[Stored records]
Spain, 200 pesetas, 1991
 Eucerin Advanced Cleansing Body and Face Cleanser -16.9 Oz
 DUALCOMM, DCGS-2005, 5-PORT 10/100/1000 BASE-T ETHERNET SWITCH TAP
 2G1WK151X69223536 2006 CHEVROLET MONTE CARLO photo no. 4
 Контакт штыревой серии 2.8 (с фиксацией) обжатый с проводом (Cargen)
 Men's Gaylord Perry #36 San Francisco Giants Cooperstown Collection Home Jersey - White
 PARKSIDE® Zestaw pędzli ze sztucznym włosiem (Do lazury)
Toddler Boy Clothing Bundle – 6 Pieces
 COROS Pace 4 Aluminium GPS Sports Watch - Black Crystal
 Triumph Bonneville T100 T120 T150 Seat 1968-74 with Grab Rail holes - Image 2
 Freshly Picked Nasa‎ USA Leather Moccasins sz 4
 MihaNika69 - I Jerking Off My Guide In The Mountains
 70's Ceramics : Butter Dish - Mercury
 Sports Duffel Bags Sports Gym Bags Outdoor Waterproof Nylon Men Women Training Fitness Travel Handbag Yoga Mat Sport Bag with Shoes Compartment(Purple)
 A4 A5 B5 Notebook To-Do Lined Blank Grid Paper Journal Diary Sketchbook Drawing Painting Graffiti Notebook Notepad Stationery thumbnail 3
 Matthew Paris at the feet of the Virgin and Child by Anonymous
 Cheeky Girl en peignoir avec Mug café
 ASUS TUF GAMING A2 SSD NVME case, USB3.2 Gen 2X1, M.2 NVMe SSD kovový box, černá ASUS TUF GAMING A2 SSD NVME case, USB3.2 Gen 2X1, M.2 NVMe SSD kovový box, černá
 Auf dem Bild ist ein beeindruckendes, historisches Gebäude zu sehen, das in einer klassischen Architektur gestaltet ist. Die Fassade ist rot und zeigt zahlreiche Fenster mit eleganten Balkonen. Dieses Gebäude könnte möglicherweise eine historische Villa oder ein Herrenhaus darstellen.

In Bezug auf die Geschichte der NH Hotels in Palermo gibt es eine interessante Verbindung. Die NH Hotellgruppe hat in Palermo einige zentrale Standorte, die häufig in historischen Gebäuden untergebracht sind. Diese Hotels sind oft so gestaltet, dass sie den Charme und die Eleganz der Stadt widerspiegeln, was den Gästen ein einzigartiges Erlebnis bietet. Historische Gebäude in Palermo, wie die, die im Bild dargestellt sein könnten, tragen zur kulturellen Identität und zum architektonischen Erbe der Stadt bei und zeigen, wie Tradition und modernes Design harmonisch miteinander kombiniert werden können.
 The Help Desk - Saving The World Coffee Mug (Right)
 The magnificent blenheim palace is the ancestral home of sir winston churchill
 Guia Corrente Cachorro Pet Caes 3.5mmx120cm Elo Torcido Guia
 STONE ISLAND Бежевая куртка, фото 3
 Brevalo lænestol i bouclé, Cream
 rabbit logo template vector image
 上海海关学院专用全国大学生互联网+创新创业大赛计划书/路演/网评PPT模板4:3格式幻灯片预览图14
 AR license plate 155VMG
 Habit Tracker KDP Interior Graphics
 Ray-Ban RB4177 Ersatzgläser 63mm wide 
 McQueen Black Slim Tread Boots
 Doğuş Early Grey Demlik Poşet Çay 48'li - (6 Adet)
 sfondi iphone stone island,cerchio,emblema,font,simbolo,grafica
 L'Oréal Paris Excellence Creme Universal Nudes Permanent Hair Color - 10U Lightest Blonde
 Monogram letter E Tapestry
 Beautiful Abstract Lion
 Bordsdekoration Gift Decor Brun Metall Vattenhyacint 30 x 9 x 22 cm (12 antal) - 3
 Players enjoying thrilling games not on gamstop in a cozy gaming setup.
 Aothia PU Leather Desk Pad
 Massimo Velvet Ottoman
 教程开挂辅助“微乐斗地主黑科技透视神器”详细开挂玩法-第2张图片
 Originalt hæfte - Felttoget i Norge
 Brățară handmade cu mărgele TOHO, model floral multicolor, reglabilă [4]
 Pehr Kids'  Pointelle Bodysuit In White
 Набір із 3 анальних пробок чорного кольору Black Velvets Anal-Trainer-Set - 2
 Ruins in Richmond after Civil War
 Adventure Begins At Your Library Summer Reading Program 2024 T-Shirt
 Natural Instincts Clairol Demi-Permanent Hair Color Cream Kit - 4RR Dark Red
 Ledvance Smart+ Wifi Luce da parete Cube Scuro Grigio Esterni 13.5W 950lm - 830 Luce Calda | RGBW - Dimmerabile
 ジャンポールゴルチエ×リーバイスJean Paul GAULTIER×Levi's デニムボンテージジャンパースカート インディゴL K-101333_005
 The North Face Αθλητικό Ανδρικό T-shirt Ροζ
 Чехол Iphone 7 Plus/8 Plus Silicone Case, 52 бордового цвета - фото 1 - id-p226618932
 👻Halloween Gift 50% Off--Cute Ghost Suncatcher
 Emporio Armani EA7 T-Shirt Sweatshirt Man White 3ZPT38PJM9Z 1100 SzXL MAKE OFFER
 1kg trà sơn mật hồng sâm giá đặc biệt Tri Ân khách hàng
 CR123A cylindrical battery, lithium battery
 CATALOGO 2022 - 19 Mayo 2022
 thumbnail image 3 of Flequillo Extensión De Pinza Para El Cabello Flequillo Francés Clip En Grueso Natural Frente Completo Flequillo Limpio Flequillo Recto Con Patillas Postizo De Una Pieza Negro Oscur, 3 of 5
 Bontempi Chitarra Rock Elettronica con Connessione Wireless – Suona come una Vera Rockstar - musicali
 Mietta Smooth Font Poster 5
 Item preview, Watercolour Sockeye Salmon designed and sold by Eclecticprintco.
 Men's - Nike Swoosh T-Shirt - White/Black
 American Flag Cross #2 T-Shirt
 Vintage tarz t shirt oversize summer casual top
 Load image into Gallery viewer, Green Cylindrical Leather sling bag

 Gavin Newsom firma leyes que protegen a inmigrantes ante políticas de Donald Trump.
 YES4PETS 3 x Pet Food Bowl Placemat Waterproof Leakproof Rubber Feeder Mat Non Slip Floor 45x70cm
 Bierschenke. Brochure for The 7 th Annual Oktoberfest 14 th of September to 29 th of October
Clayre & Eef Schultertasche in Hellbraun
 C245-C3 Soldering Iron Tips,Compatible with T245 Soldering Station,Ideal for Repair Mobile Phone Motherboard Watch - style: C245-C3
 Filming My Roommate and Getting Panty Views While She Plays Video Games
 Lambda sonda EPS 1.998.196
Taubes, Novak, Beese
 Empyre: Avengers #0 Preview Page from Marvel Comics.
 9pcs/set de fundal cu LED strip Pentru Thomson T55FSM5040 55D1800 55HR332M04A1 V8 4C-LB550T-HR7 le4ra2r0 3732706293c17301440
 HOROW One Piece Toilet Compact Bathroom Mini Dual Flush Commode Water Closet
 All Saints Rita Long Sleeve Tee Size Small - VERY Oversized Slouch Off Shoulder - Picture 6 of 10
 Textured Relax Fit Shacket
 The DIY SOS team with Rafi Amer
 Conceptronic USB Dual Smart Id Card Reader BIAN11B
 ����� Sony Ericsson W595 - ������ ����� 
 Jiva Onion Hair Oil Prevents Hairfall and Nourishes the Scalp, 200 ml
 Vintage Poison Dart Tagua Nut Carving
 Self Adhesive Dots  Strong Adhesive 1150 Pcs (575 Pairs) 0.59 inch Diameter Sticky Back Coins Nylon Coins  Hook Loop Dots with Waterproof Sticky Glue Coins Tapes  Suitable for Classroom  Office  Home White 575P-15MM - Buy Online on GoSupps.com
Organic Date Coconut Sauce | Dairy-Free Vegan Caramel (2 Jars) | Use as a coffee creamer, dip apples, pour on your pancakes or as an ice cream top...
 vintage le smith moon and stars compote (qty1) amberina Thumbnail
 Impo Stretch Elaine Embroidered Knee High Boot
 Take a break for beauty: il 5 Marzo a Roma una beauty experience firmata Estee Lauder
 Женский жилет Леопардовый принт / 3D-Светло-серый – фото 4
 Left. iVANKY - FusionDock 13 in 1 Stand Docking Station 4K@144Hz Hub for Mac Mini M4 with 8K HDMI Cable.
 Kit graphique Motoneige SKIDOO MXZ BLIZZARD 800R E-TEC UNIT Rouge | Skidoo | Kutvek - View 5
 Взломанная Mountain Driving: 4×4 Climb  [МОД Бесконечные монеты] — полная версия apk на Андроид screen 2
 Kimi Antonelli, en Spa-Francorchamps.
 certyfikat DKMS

● The task
If a line above contains the word "Black", list it.

● Task answer
 COROS Pace 4 Aluminium GPS Sports Watch - Black Crystal
 McQueen Black Slim Tread Boots
 Набір із 3 анальних пробок чорного кольору Black Velvets Anal-Trainer-Set - 2
 Men's - Nike Swoosh T-Shirt - White/Black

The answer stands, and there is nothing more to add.